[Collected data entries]
= Beginning of Section =

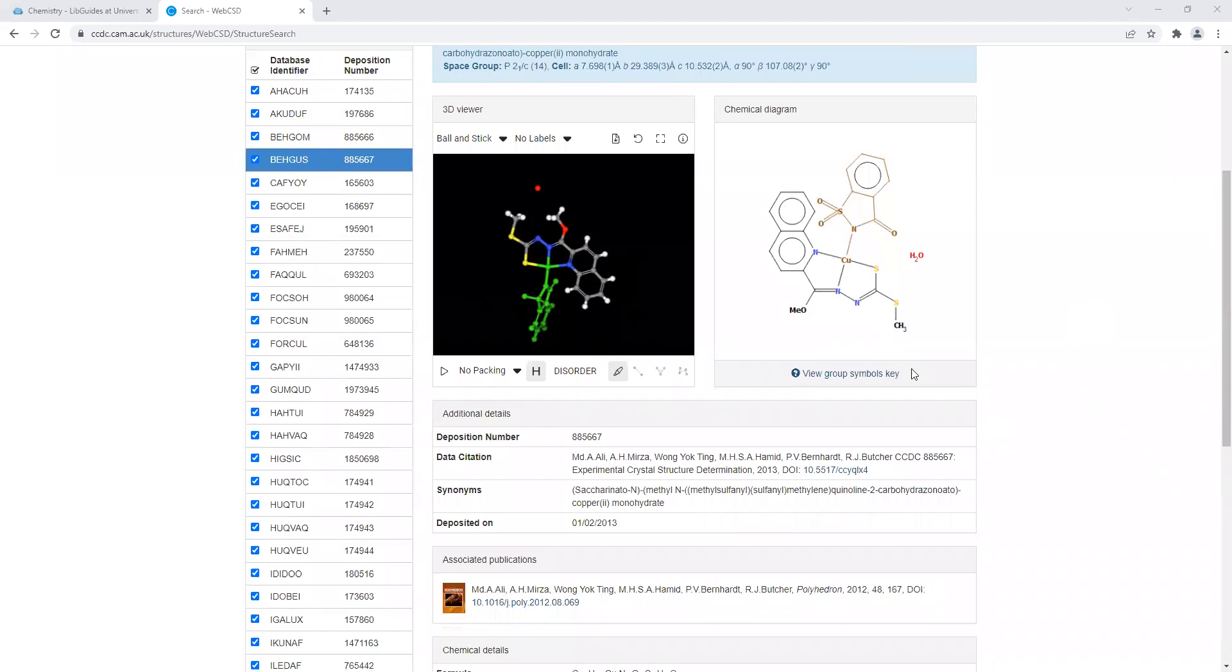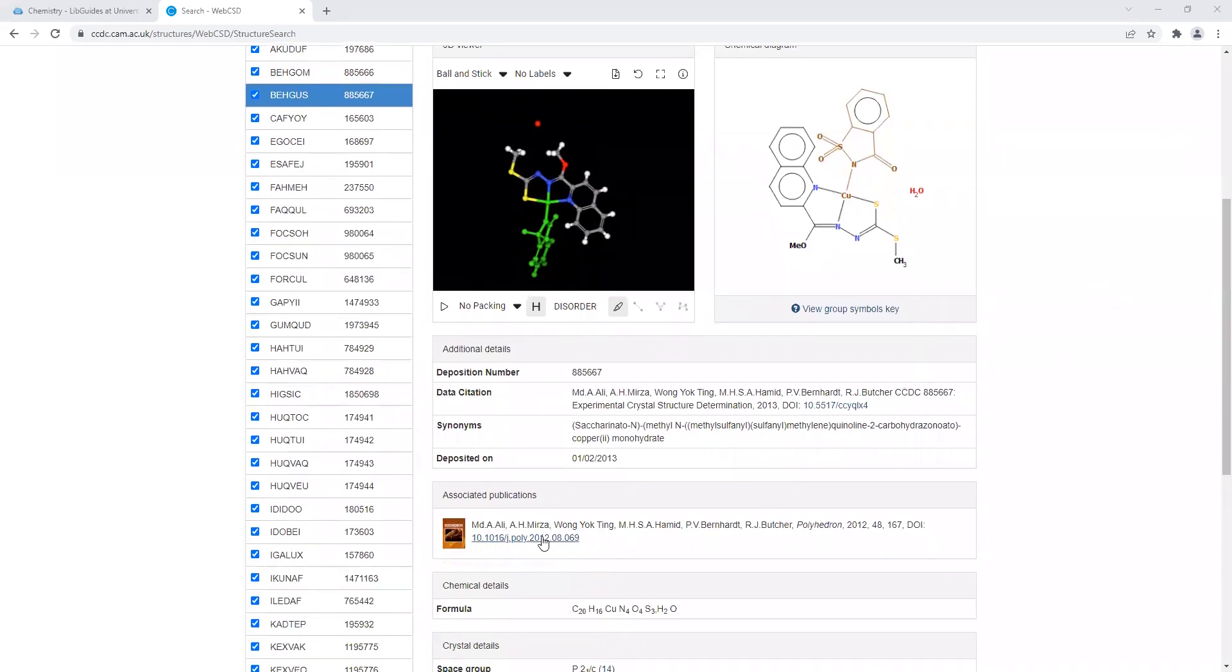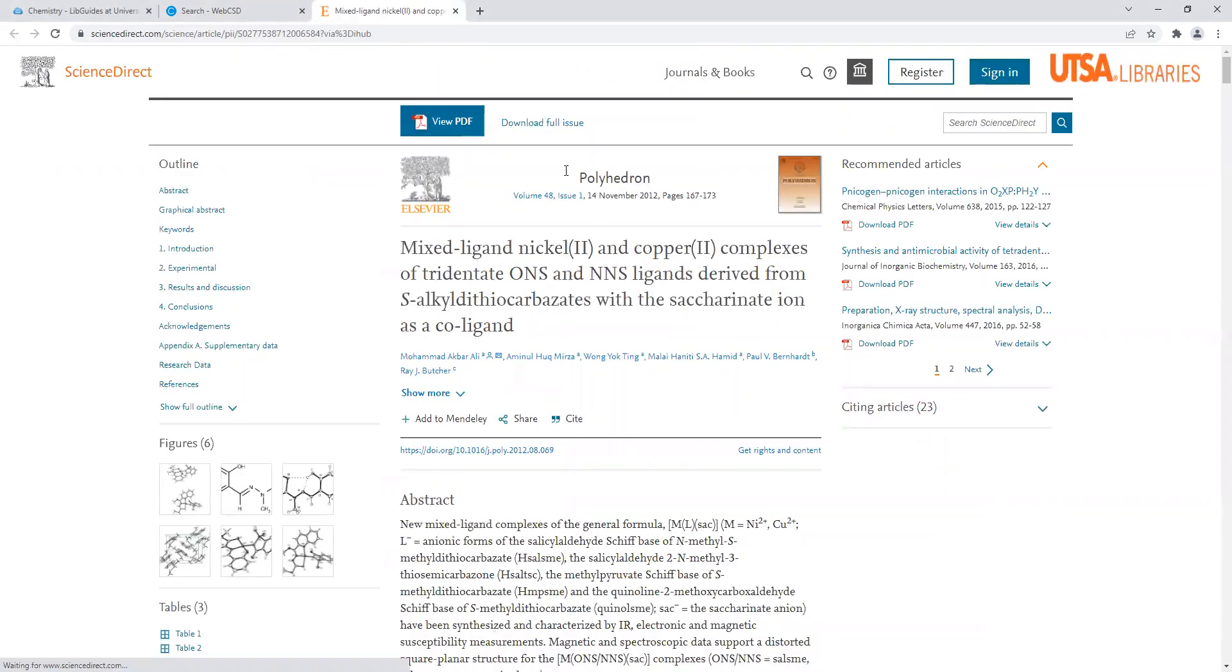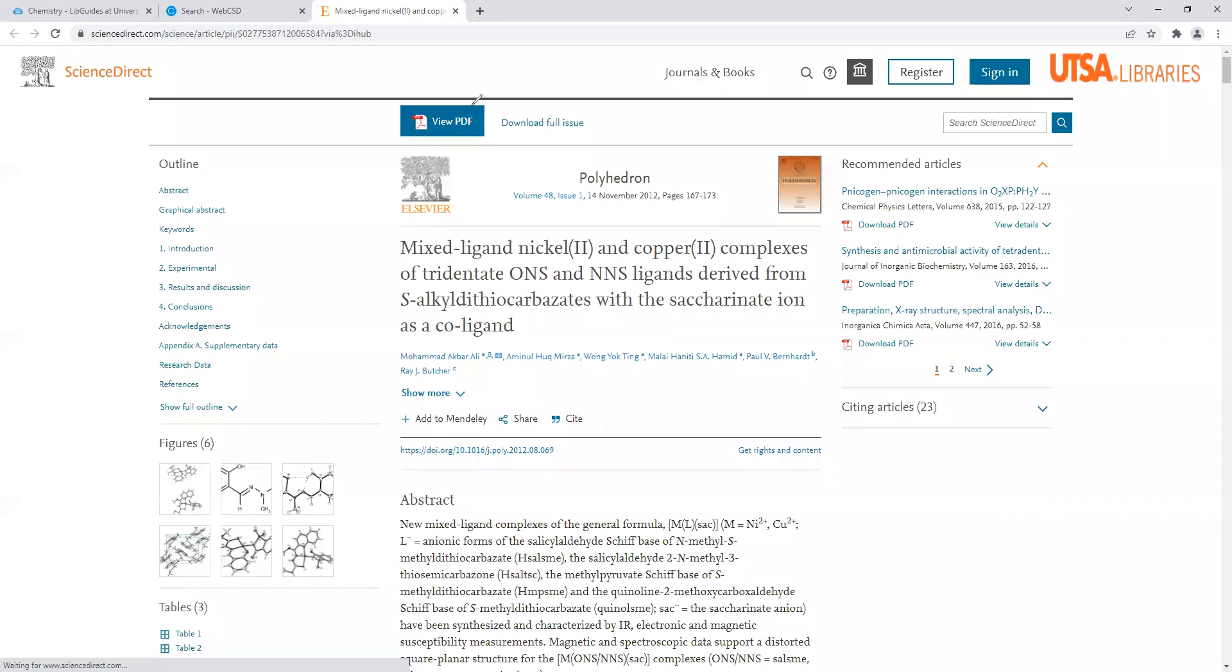Again, your TA will assign you your metal to research. If you want to use this structure, you come down here to where it says associated publications. You click on the DOI link and it'll pop up the paper. If our university has access to this journal, when you view PDF, you'll be able to download it here.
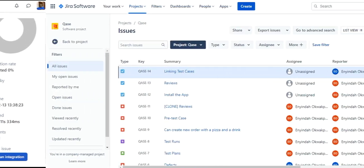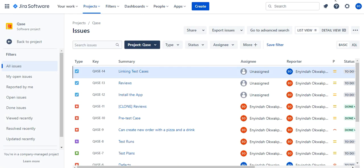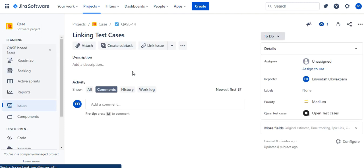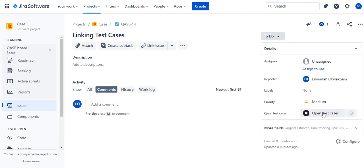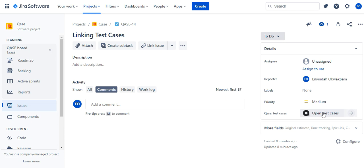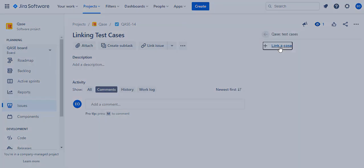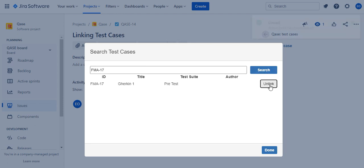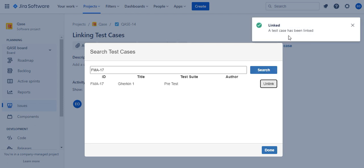You can link a Case test case to a Jira issue right from Jira. To do that, click on the issue of choice. Click on Open Test Case in the Jira sidebar, click Link a Case. Insert the Case title in the field, click on Search and then click on Link. A test case has been linked.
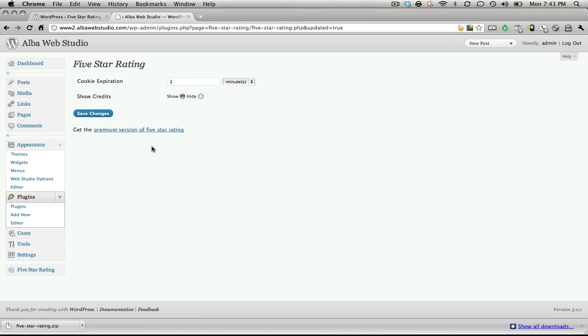If you don't have the ability to change permissions, the only other way that I know you could do that is you could unzip the directory or the plugin on your computer, and then you should have a five-star rating directory that gets unzipped. You'd want to make sure you upload that directory to your wp-content forward slash plugins directory, and it's basically going to be a directory inside of the plugins directory.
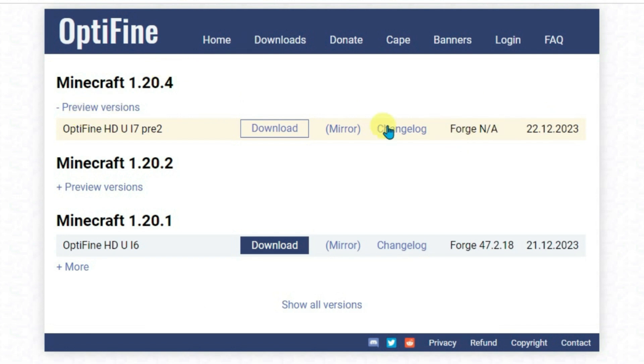If Forge is not compatible with this version of OptiFine, then we will not be able to install the OptiFine because we can use the mods folder in order to install the OptiFine. In order to use the mods folder, we're gonna need the mod loader. That's why we should choose the version of OptiFine that's compatible with Forge.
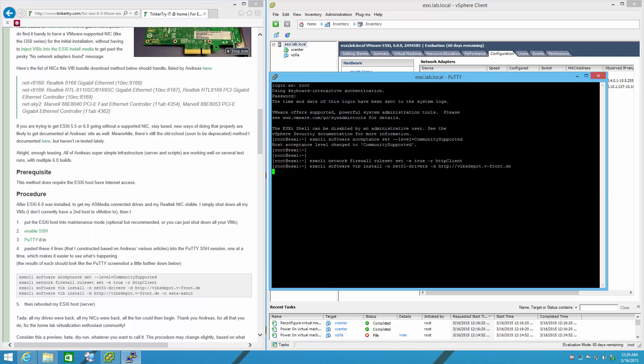This one takes a little longer. It's got to actually pull some stuff down from the Internet - the Realtek drivers.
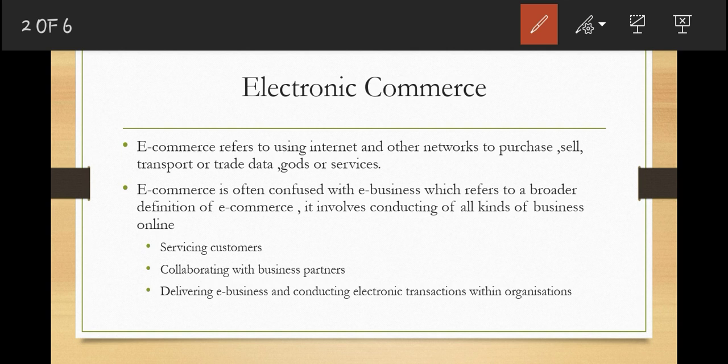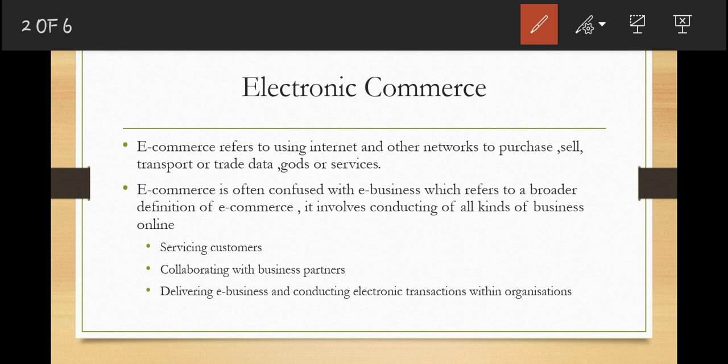In the 21st century, as the Internet grew, electronic commerce came into use. Electronic commerce refers to the use of the Internet and other networks — such as intranets and extranets — to purchase, sell, transport, or trade data, goods, or services.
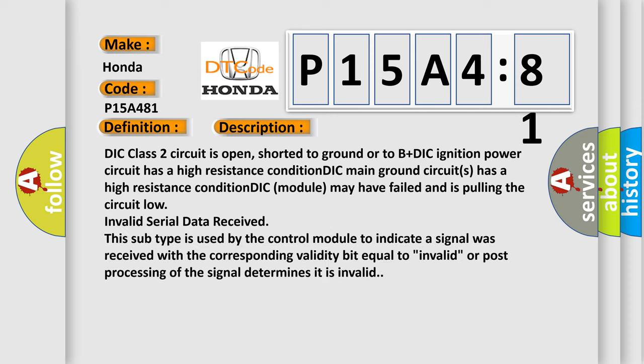DIC class 2 circuit is open, shorted to ground or to B plus DIC. Ignition power circuit has a high resistance condition. DIC main ground circuits has a high resistance condition. DIC module may have failed and is pulling the circuit low. Invalid serial data received. This subtype is used by the control module to indicate a signal was received with the corresponding validity bit equal to invalid, or post processing of the signal determines it is invalid.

= End of Section =

_TASK REQUIREMENTS_
The expected output is an exact copy of the lines from the top of the data above through the line containing "If you don't", both included, with every picture omitted.

_RESPONSE BELOW_
Again, your TA will assign you your metal to research. If you want to use this structure, you come down here to where it says associated publications. You click on the DOI link and it'll pop up the paper. If our university has access to this journal, when you view PDF, you'll be able to download it here.
You can link a Case test case to a Jira issue right from Jira. To do that, click on the issue of choice. Click on Open Test Case in the Jira sidebar, click Link a Case. Insert the Case title in the field, click on Search and then click on Link. A test case has been linked.
If you don't have the ability to change permissions, the only other way that I know you could do that is you could unzip the directory or the plugin on your computer, and then you should have a five-star rating directory that gets unzipped. You'd want to make sure you upload that directory to your wp-content forward slash plugins directory, and it's basically going to be a directory inside of the plugins directory.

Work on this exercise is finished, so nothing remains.